Work task: Go to the line containing "Brand New FACTORY" and retype it and every later line exactly as written, up to the last line of the entries. Keep pictures out.

Supplied material:
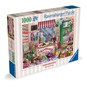 Ravensburger Blossoms Flower Shop Jigsaw Puzzle 1000 Pieces image number 1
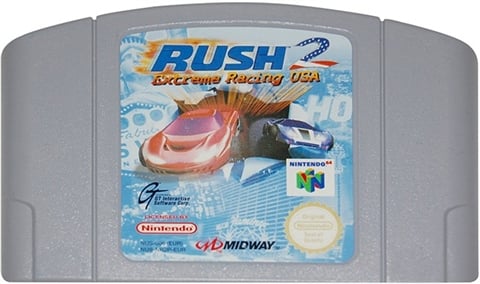 Brand New FACTORY SEALED! Rush N Crush The Armed Racing Game
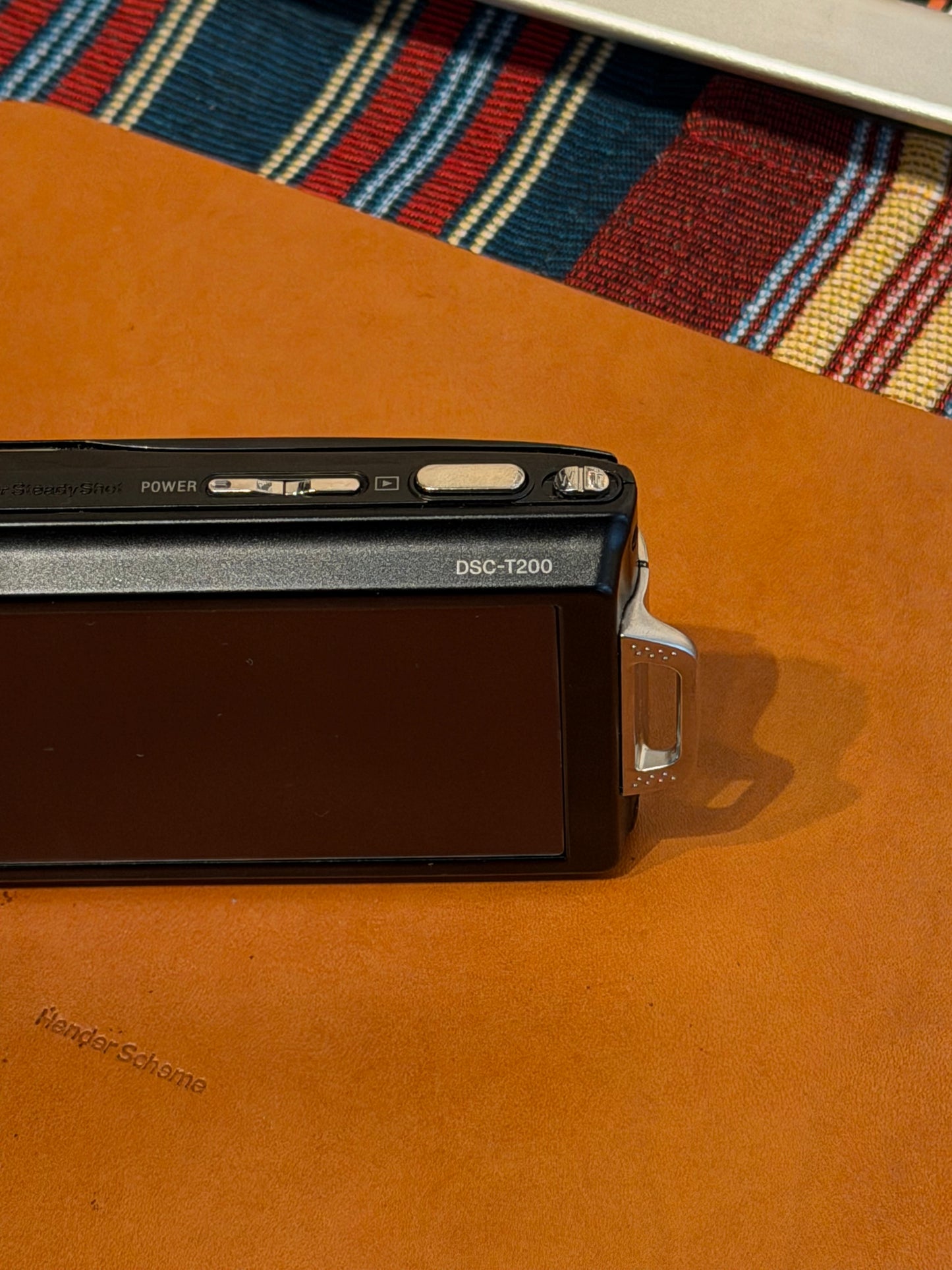 Sony Cyber-shot DSC-T200 8.1MP Black
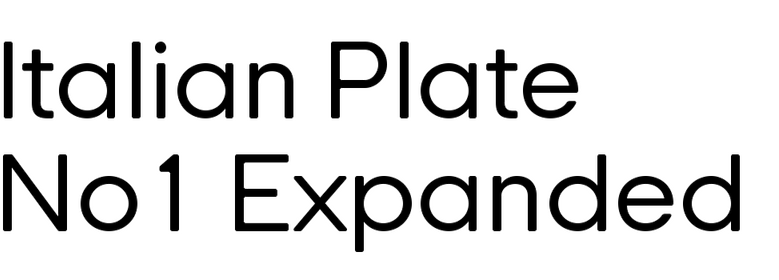 Italian Plate No1 Expanded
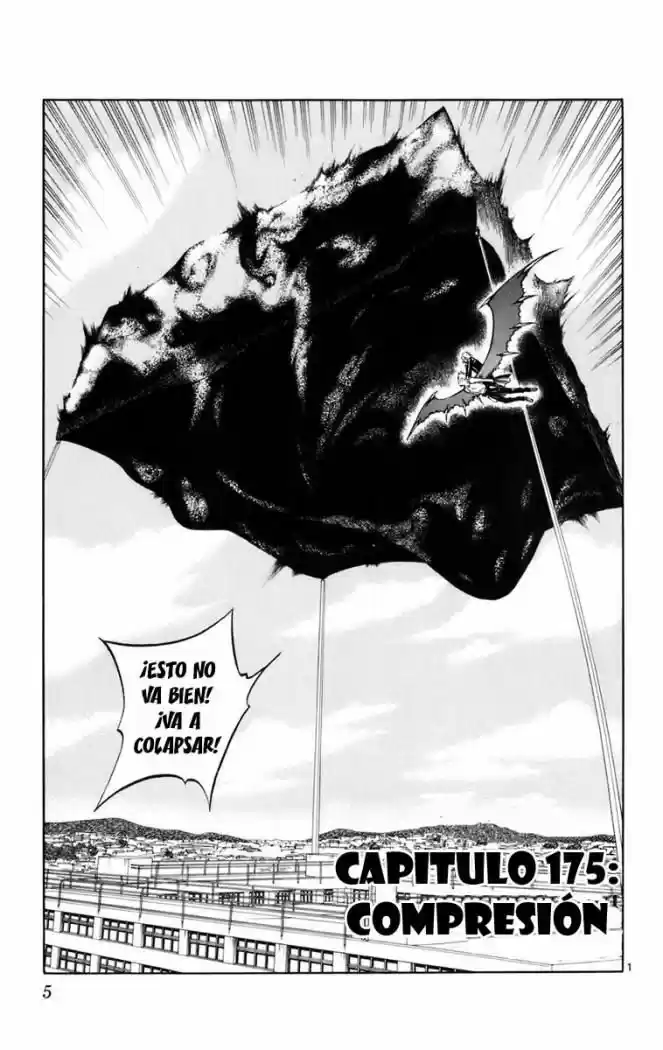 Kekkaishi (Manga) (2004) - Capítulo 175 - Página 7 - LectorTMOo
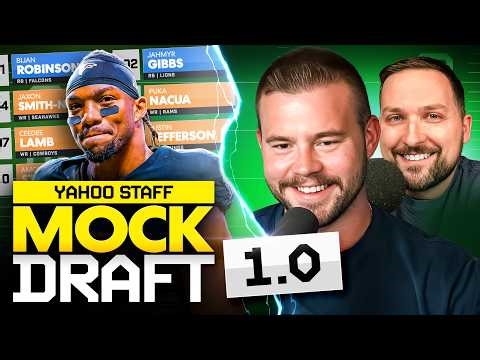 Yahoo Staff Mock Draft 1.0: Are RBs back as dominant force in fantasy?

Response to the task:
 Brand New FACTORY SEALED! Rush N Crush The Armed Racing Game
 Sony Cyber-shot DSC-T200 8.1MP Black
 Italian Plate No1 Expanded
 Kekkaishi (Manga) (2004) - Capítulo 175 - Página 7 - LectorTMOo
 Yahoo Staff Mock Draft 1.0: Are RBs back as dominant force in fantasy?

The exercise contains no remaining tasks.